I got that counter top set up on four saw-horses in the front yard so that I could saw out the hole for the sink and not get sawdust all over the house. I didn't know what was in the tool shed so I didn't buy anything else that day. I did pick up a yellow pages for Wausau and got my drivers license changed for the right state and address. I'd get the vehicle registration and plates changed in August when the tags expired. I'd be damned if I'd waste half a year's registration cost.

I hit the library and got a card. That gave me access to the Internet. I looked up twelve-volt appliances, motor home appliances and propane water heaters. I signed up for several catalogs.

Since it was spring there was a good chance of finding estate sales and auctions. I bought a few local newspapers and took 'em home. I had a folding chair and quarter sheet of one inch plywood on sawhorses set up as a kitchen table. I found a couple of auctions that I wanted to attend.

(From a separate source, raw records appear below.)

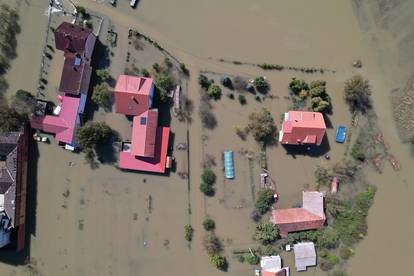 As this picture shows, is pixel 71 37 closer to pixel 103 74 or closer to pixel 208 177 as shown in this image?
pixel 103 74

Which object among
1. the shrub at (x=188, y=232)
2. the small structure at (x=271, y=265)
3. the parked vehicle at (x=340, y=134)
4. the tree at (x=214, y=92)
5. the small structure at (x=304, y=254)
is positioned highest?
the tree at (x=214, y=92)

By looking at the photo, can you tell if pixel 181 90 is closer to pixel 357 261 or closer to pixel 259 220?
pixel 259 220

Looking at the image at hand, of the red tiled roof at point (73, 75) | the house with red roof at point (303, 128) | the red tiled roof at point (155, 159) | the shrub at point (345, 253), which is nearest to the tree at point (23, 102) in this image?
the red tiled roof at point (73, 75)

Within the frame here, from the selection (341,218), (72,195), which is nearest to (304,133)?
(341,218)

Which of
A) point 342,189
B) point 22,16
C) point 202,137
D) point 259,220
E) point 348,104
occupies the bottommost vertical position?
point 259,220

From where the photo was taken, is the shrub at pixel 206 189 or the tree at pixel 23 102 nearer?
the tree at pixel 23 102

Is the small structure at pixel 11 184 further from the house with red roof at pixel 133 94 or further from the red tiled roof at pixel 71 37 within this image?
the house with red roof at pixel 133 94

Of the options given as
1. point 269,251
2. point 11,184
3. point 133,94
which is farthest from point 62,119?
point 269,251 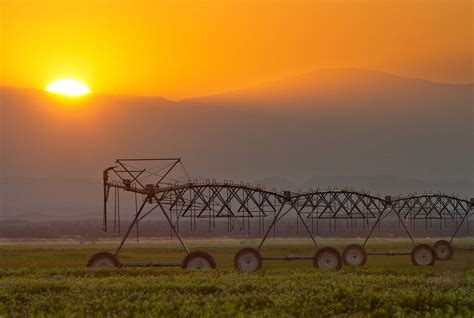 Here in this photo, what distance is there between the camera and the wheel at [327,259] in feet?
173

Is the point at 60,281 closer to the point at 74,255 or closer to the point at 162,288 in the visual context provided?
the point at 162,288

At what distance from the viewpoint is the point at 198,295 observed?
117 ft

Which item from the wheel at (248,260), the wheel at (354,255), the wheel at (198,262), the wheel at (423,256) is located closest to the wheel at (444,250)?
the wheel at (423,256)

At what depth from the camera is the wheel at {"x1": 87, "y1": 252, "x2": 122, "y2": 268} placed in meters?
50.3

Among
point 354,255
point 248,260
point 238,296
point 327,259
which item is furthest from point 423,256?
point 238,296

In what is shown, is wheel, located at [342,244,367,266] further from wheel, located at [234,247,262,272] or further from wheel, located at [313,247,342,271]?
wheel, located at [234,247,262,272]

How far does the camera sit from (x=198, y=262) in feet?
164

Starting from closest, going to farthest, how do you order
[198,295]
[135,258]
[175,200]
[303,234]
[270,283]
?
[198,295] < [270,283] < [175,200] < [135,258] < [303,234]

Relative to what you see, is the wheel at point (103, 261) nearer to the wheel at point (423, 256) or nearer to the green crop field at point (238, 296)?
the green crop field at point (238, 296)

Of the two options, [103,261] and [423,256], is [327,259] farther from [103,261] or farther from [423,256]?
[103,261]

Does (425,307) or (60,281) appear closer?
(425,307)

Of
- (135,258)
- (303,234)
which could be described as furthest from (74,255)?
(303,234)

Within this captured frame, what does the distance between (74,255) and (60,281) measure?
3470 cm

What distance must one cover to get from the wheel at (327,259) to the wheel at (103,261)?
12.7 m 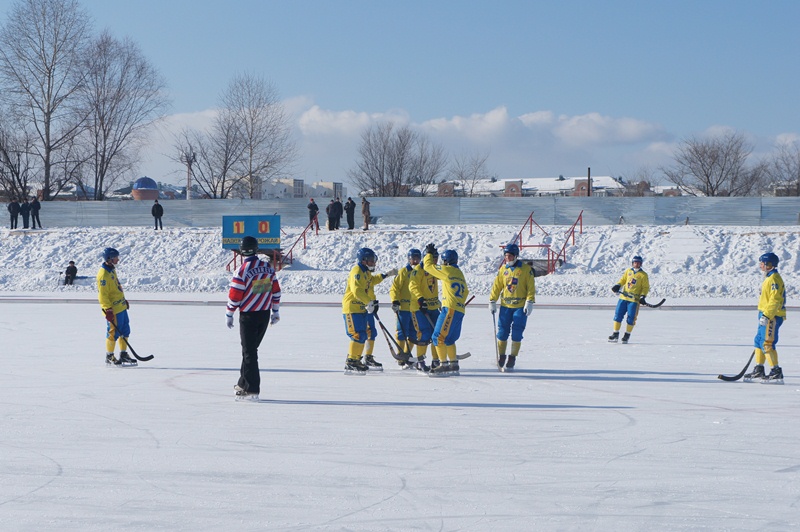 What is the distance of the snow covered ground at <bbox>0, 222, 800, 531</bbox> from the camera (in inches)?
206

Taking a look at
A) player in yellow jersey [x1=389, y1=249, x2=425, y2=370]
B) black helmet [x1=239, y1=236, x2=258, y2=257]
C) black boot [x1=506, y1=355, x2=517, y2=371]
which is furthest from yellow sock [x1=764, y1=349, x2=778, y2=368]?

The next morning I carefully went over the contents of Carl's old parts shed. It was deep enough to hold a Buick (obviously, because one was in there! and longer than three cars parked end-to-end. What a disaster area. When I saw all the plumbing parts and pieces I had a brainstorm. I decided to put a water heater and tank in my 'attic'. I'd have to reinforce the floor a bit, but using an external access door with a ladder was perfectly acceptable. I found a big box of drywall screws that I appropriated, an outdoor thermometer, clothes line and pins, a pipe bender and a rachet pipe threader. In one corner I found a half case of adhesive in tubes and a squeeze gun applicator. I found a cutoff saw and a handfull of metal-cutting disks that I could use to cut pipe with. I was in hog heaven. All I needed was a twelve-volt pump to drop down the well casing and a return feed pipe to get it up to the 'attic', a water tank, a water heater and the fittings for a tub and kitchen sink. I might be able to get away with a dry sump, depending on what the county health department had to say. After all, I was sitting on top of a living swamp. I'd just have to use bio-degradable soap and stick with a composting toilet.

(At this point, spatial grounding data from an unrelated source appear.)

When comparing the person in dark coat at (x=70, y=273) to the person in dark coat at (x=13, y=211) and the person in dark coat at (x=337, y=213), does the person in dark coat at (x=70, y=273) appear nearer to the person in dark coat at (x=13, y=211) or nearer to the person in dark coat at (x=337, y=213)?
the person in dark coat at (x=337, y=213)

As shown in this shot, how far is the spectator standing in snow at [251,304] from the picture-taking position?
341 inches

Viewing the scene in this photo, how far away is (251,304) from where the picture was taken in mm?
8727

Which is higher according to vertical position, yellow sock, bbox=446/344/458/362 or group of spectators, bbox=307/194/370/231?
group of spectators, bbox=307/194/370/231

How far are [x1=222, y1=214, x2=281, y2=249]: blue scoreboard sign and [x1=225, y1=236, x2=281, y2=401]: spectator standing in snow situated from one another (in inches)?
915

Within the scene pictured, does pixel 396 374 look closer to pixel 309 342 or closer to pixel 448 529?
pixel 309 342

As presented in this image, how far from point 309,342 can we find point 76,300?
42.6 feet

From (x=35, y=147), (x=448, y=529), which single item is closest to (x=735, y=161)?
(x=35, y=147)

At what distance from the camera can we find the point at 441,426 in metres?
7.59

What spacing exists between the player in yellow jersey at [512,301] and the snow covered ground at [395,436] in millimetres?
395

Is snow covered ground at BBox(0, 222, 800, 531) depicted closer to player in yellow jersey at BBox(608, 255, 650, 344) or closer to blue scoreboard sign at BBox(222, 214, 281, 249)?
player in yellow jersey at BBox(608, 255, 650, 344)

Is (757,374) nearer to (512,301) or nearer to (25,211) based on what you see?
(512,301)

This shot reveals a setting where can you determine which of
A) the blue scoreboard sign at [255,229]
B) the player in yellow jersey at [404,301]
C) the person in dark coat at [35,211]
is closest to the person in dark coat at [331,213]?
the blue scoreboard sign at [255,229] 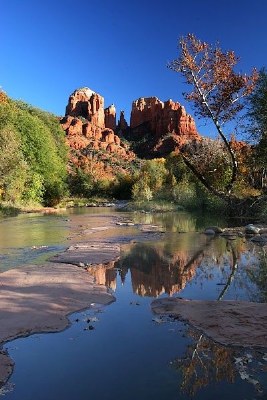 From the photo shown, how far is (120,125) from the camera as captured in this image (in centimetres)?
18112

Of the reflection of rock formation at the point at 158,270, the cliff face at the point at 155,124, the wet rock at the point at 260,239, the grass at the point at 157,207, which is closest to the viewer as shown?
the reflection of rock formation at the point at 158,270

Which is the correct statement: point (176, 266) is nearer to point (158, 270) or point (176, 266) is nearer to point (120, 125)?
point (158, 270)

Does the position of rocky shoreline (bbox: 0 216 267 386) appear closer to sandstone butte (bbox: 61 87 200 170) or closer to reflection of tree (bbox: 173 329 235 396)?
reflection of tree (bbox: 173 329 235 396)

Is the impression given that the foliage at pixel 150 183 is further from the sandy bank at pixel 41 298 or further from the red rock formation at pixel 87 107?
the red rock formation at pixel 87 107

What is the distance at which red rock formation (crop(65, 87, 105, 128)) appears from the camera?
17488 cm

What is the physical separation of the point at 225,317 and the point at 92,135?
155 metres

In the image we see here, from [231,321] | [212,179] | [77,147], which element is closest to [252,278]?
[231,321]

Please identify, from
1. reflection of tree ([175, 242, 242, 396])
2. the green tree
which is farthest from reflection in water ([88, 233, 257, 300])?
the green tree

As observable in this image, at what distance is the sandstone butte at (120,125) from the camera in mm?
139000

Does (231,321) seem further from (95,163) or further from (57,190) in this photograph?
(95,163)

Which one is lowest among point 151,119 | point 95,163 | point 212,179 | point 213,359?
point 213,359

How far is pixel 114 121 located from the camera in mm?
184750

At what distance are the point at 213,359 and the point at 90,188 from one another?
83.4m

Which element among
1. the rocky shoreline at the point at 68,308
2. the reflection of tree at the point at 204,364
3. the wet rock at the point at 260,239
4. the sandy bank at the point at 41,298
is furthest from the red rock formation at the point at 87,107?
the reflection of tree at the point at 204,364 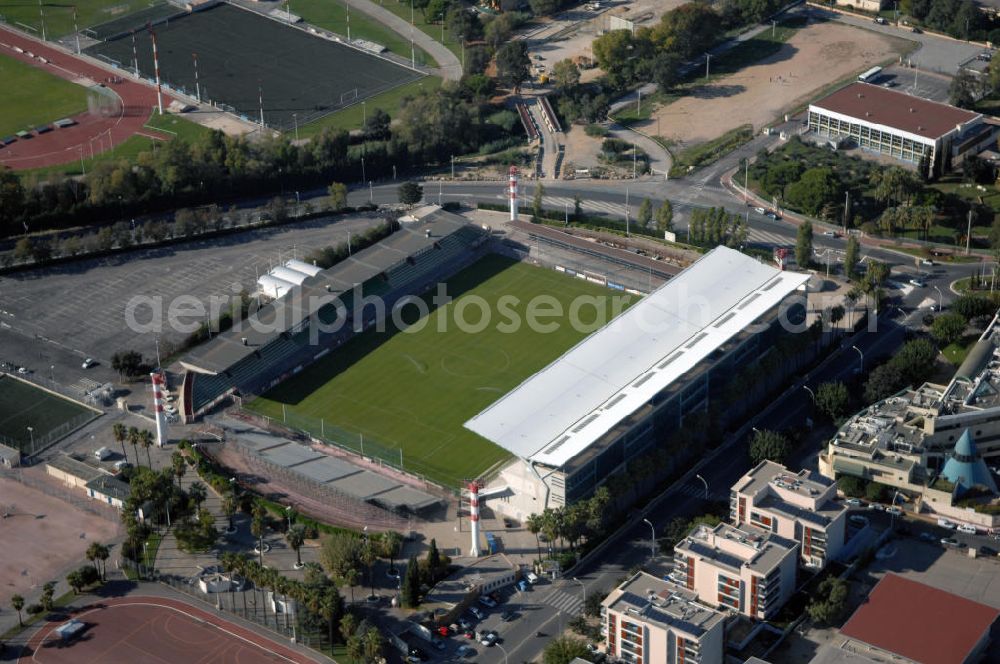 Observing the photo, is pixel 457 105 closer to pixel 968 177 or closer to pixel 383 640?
pixel 968 177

At one auction I found a dresser, a bed, four chairs and a big kitchen table that I could afford. The rugs were going pretty high so I backed off. Another auction got me a fresh tractor battery for ten bucks. I wished that I could do that a few times! The same place had an Aladdin hanging lantern. Nobody knew what it was. I did. I picked up a three hundred dollar kerosene lantern for twelve bucks. I gladly sent away for the two hundred dollar parts kit and the super-clean kerosene for it. I found a place for a ceiling screw-eye and an S-hook to hang it by.

I bought three more big tractor batteries at eighty-five bucks each and the cables to hook 'em up together. It was back to Lowe's to pick up four of those little high-intensity LED light bars that ran on twelve volts that I fell in love with before. I got everything connected and ran my little generator for about eight hours to get it all charged up.

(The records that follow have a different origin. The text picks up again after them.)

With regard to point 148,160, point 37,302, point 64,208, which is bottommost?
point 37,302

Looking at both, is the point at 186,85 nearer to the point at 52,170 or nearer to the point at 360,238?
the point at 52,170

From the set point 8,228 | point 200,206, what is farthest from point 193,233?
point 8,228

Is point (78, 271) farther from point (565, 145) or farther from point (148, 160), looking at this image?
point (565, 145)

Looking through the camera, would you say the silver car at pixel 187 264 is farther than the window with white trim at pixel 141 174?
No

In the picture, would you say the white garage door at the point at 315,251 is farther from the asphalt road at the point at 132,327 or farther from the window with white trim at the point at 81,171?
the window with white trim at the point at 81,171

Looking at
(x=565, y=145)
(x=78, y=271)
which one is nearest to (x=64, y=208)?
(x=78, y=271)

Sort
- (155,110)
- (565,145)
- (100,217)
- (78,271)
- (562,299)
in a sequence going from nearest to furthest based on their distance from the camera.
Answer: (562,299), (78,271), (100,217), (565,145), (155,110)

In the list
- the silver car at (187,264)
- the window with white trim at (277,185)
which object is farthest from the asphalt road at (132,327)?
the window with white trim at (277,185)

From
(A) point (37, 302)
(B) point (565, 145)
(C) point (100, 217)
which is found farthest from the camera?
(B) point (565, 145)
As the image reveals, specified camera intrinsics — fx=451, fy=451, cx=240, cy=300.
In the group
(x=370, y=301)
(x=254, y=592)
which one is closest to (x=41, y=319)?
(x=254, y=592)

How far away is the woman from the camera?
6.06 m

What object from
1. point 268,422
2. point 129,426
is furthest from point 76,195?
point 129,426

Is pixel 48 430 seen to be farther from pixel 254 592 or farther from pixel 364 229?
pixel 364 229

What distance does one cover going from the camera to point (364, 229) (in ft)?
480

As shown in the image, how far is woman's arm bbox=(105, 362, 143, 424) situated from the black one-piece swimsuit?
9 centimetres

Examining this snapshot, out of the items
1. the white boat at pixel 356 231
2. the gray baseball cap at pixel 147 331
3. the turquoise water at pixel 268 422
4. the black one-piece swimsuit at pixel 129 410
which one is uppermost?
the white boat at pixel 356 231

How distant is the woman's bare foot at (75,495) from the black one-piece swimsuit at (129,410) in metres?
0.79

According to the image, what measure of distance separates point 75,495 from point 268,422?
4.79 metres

June rolled around and I got my first unemployment deposit. It took me from $1247 a month to $2120 a month. When I had four thousand in the bank I called the guys that had put up my roof before and asked them to do it again.

My pistol came back from the state. I took it out to try it because I didn't trust anyone with my firearms. It worked fine. They'd even cleaned it.

After the roof was installed I installed and plumbed in the water tank. I paid a professional to hook up the propane tank to the furnace I bought. After watching him I knew how to do the rest. I made sure to insulate the inside of the roof an cover it with visqueen before I closed up the access door. I didn't want the water in the tank to freeze during the winter. If it got close I'd have to either run a heating tape around the supply pipe or put in a stock watering tank heater.

I bought a few twelve volt fans for the windows and room pass-throughs and ran a twelve volt distribution system hidden by stick-on square plastic wall conduit.